Smithsonian Institution / US Geological Survey
Weekly Volcanic Activity Report, 17 January-23 January 2024
Managing Editor: Sally Sennert.

Please cite this report as:

Global Volcanism Program, 2024. Report on Bulusan (Philippines) (Sennert, S, ed.). Weekly Volcanic Activity Report, 17 January-23 January 2024. Smithsonian Institution and US Geological Survey.

Weekly Report (17 January-23 January 2024)

Bulusan

Philippines

12.769°N, 124.056°E; summit elev. 1535 m

All times are local (unless otherwise noted)


PHIVOLCS reported increased seismicity at Bulusan in a special advisory. The seismic network recorded a total of 91 volcanic-tectonic earthquakes, associated with rock fracturing, located at depths of 2-4 km beneath the SW flank from 0138 on 22 January to 0130 on 23 January. Gas emissions characterized as weak-to-moderate rose from the summit crater and active vents. Both the SE and SW flanks have been inflated since February 2023 based on ground deformation data from continuous GPS and electronic tilt monitoring. The Alert Level remained at 1 (the second level on a scale of 0-5) and PHIVOLCS reminded the public not to enter the 4-km-radius Permanent Danger Zone (PDZ) and to be vigilant within the 2-km Extended Danger Zone (EDZ) on the SE flank.

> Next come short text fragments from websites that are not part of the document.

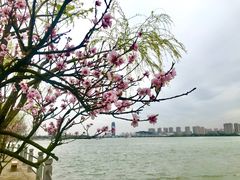 -无锡蠡湖国家湿地公园-蠡园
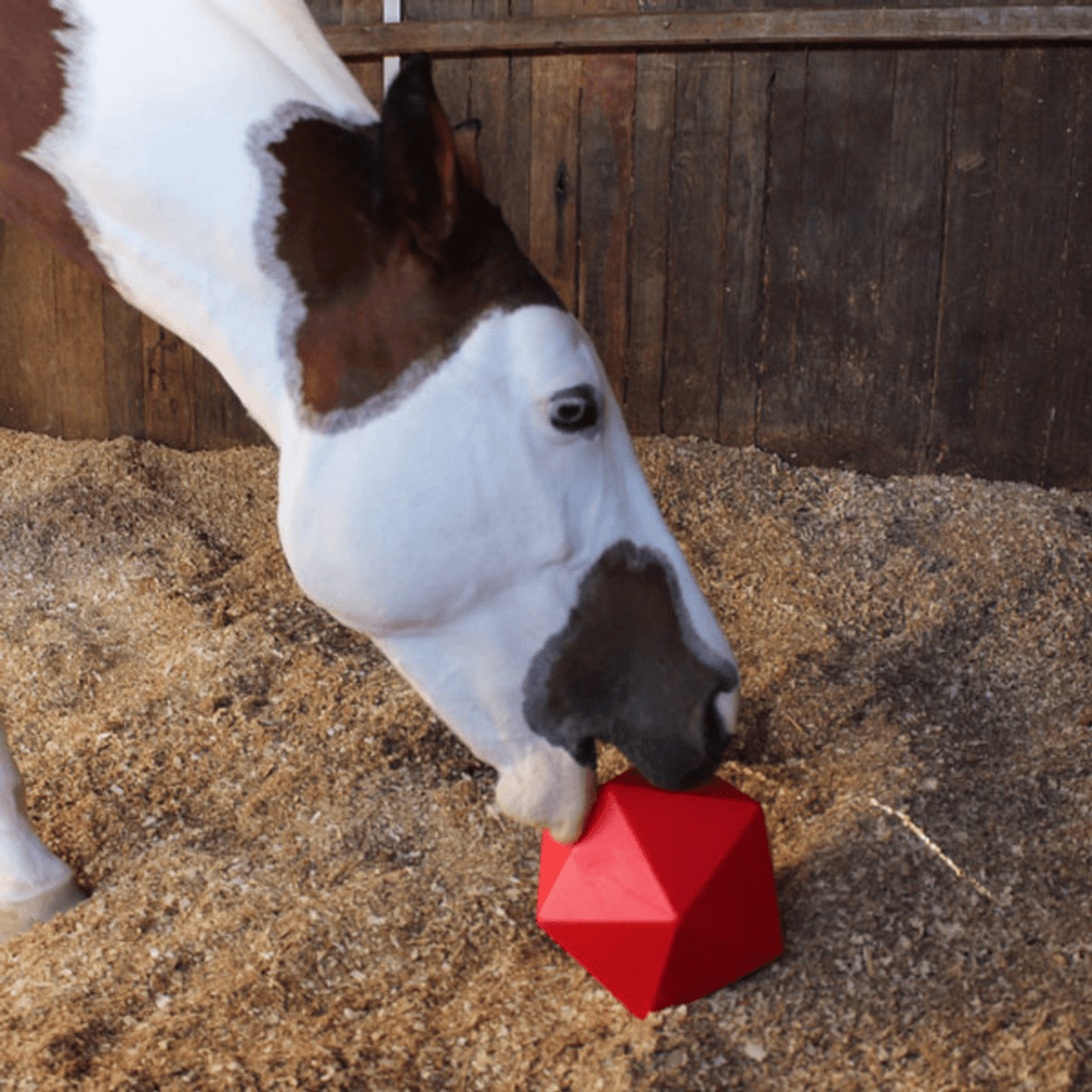 Tubtrugs Drip Feed Ball Red - Saddleworld Devonport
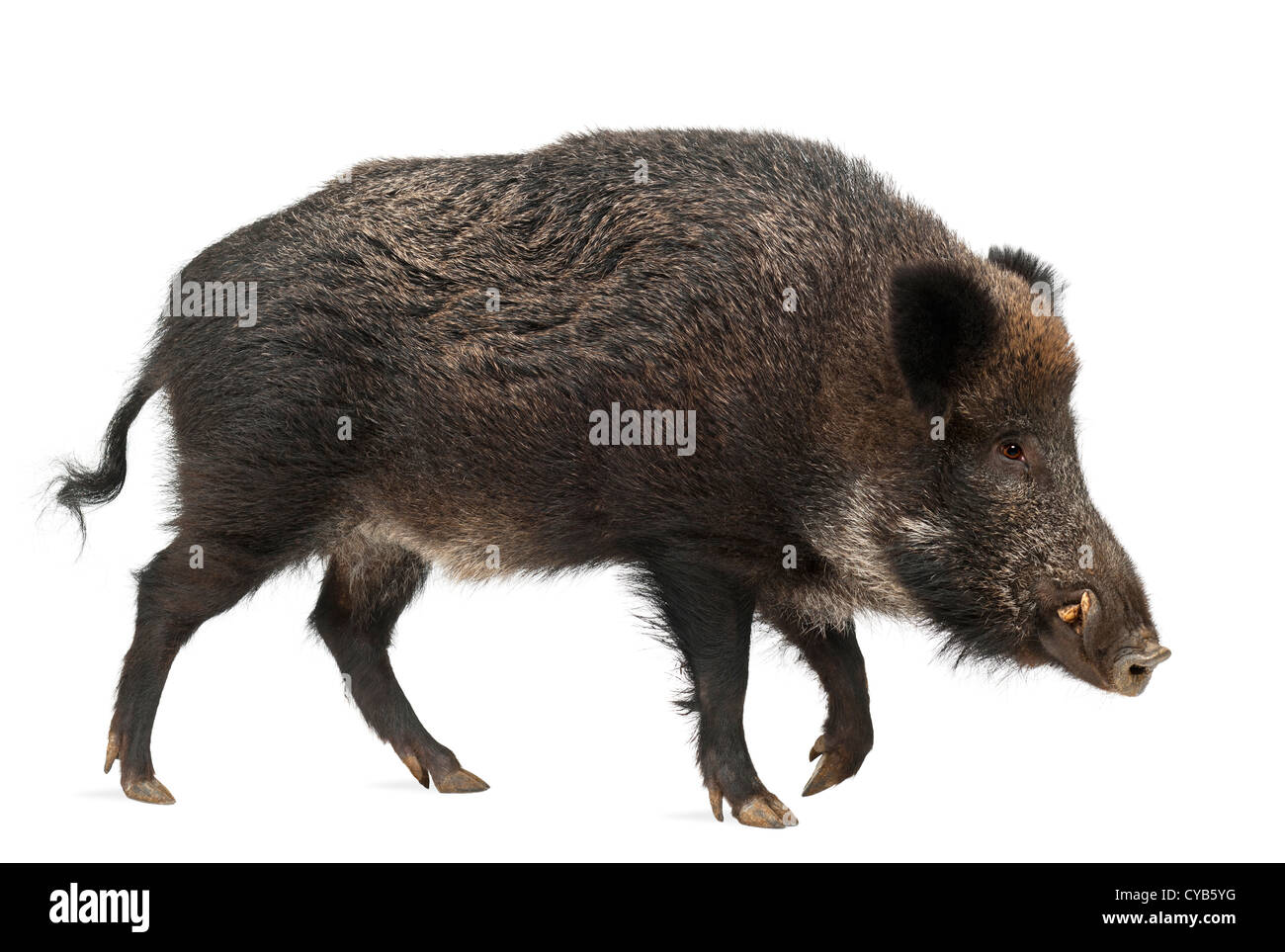 El jabalí, cerdo salvaje, Sus scrofa, de 15 años, contra el fondo blanco. Foto de stock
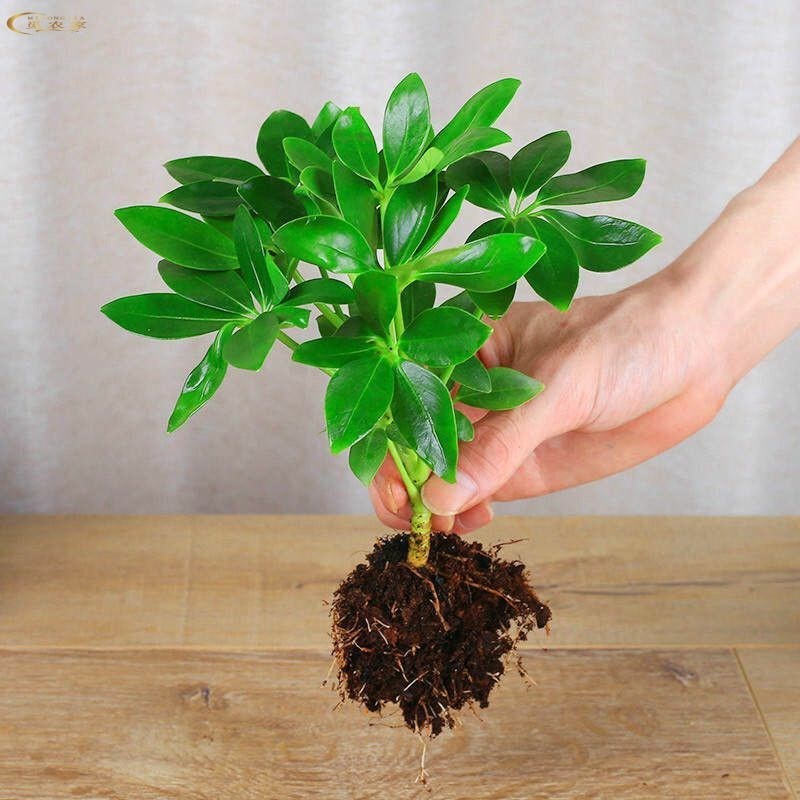 Evergreen Feng Shui Plants from All Directions Duck Foot Wood Indoor Balcony Desktop Green Plants Potted Flowers Money Tree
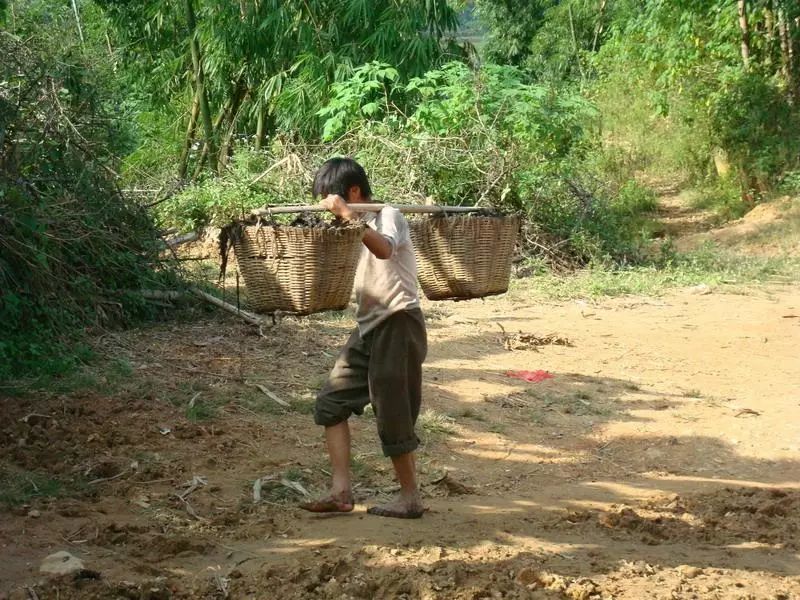 我是个乡下人,我住在广元农村,这些农活你干过几样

Geological Summary. Luzon's southernmost volcano, Bulusan, was constructed along the rim of the 11-km-diameter dacitic-to-rhyolitic Irosin caldera, which was formed about 36,000 years ago. It lies at the SE end of the Bicol volcanic arc occupying the peninsula of the same name that forms the elongated SE tip of Luzon. A broad, flat moat is located below the topographically prominent SW rim of Irosin caldera; the NE rim is buried by the andesitic complex. Bulusan is flanked by several other large intracaldera lava domes and cones, including the prominent Mount Jormajan lava dome on the SW flank and Sharp Peak to the NE. The summit is unvegetated and contains a 300-m-wide, 50-m-deep crater. Three small craters are located on the SE flank. Many moderate explosive eruptions have been recorded since the mid-19th century.